**About this exercise:** An exact copy of the data below is needed; please leave out any pictures.

**Data segment:**
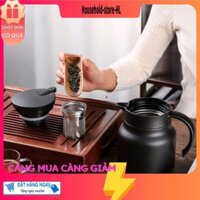 Ấm pha trà giữ nhiệt bộ lọc tích hợp Ấm trà giữ nhiệt 1L Bình nước giữ nhiệt inox 304 Thermos DODO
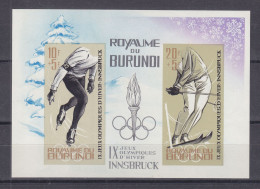 Jeux Olympiques -  Innsbruck 64 - Burundi - COB BF 3 A **  - NON Dentelé - Patinage - Ski - Valeur 12,50 € - Invierno 1964: Innsbruck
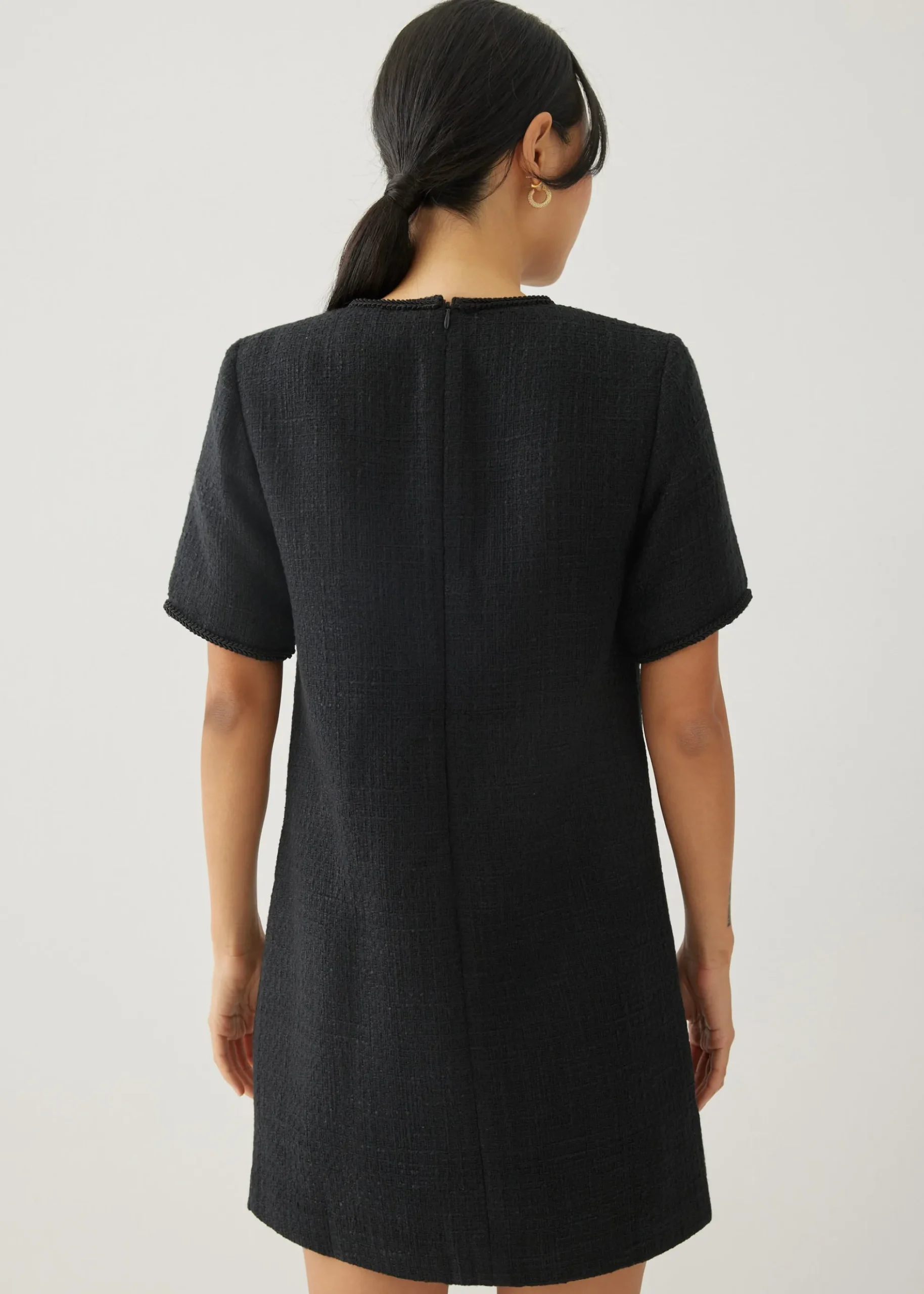 Ashanti Tweed Shift Mini Dress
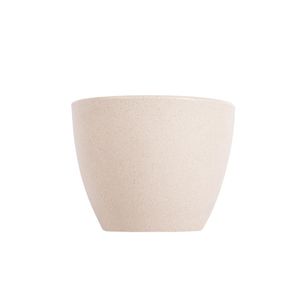 Vaso Cone Baixo Areia 22x28cm Vasap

**Problem solution:**
 Ấm pha trà giữ nhiệt bộ lọc tích hợp Ấm trà giữ nhiệt 1L Bình nước giữ nhiệt inox 304 Thermos DODO
 Jeux Olympiques -  Innsbruck 64 - Burundi - COB BF 3 A **  - NON Dentelé - Patinage - Ski - Valeur 12,50 € - Invierno 1964: Innsbruck
 Ashanti Tweed Shift Mini Dress
 Vaso Cone Baixo Areia 22x28cm Vasap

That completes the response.